++++ DATA RECORDS ++++
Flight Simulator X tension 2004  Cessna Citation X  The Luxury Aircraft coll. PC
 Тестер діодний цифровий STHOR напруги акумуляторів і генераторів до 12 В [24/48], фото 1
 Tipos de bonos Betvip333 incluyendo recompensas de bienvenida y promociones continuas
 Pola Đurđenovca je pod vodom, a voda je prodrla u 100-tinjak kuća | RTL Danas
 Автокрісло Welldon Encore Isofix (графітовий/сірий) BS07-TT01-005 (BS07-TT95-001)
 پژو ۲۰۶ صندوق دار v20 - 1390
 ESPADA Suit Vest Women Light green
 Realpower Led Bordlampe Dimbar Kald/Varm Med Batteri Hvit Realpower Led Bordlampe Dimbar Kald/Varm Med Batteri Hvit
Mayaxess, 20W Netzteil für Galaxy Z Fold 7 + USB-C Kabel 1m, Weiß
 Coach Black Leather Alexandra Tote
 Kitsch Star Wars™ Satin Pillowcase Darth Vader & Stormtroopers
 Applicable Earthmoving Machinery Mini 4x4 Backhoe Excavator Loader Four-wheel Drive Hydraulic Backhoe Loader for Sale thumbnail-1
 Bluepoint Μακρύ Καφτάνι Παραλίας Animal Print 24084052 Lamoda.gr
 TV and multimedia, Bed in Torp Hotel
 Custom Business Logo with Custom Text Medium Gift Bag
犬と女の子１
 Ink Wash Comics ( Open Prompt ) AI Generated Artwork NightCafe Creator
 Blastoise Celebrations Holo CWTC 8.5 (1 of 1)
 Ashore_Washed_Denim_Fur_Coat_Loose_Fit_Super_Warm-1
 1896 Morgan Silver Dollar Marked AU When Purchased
++++
(THE PROBLEM): Write out exactly the lines from the one containing "Batteri Hvit Realpower" through the end of the data, both included. Add nothing else.

(COMPLETED TASK):
 Realpower Led Bordlampe Dimbar Kald/Varm Med Batteri Hvit Realpower Led Bordlampe Dimbar Kald/Varm Med Batteri Hvit
Mayaxess, 20W Netzteil für Galaxy Z Fold 7 + USB-C Kabel 1m, Weiß
 Coach Black Leather Alexandra Tote
 Kitsch Star Wars™ Satin Pillowcase Darth Vader & Stormtroopers
 Applicable Earthmoving Machinery Mini 4x4 Backhoe Excavator Loader Four-wheel Drive Hydraulic Backhoe Loader for Sale thumbnail-1
 Bluepoint Μακρύ Καφτάνι Παραλίας Animal Print 24084052 Lamoda.gr
 TV and multimedia, Bed in Torp Hotel
 Custom Business Logo with Custom Text Medium Gift Bag
犬と女の子１
 Ink Wash Comics ( Open Prompt ) AI Generated Artwork NightCafe Creator
 Blastoise Celebrations Holo CWTC 8.5 (1 of 1)
 Ashore_Washed_Denim_Fur_Coat_Loose_Fit_Super_Warm-1
 1896 Morgan Silver Dollar Marked AU When Purchased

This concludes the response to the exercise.